▶ **DATA BLOCK**:
==============================

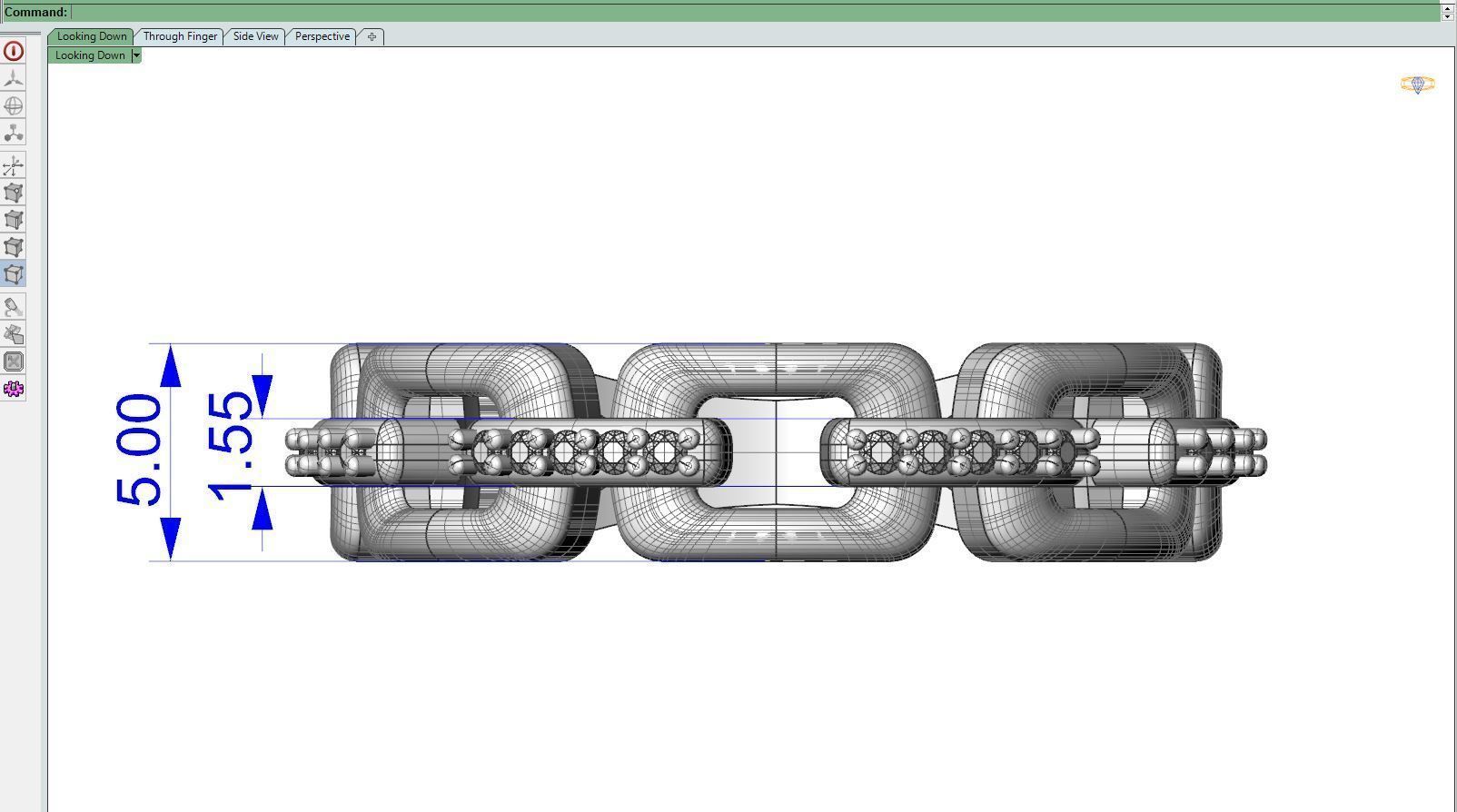 Gold ring B 3D print model_6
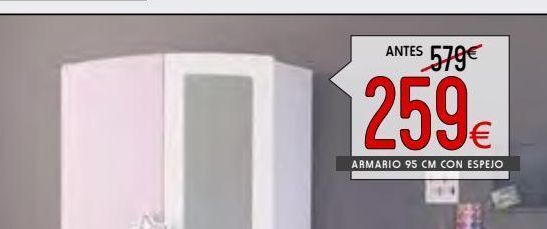 Atrapamuebles Armarios 95cm con espejo oferta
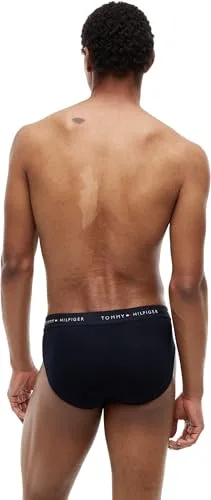 Tommy Hilfiger ▫️ Cuecas boxer, embalagem de 3, para homem, cuecas justas, tecido elástico 2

==============================

▶ **YOUR TASK**: Leaving out the pictures, reproduce the whole listing above exactly.

▶ **RESULT OF THE EXERCISE**:
 Gold ring B 3D print model_6
 Atrapamuebles Armarios 95cm con espejo oferta
 Tommy Hilfiger ▫️ Cuecas boxer, embalagem de 3, para homem, cuecas justas, tecido elástico 2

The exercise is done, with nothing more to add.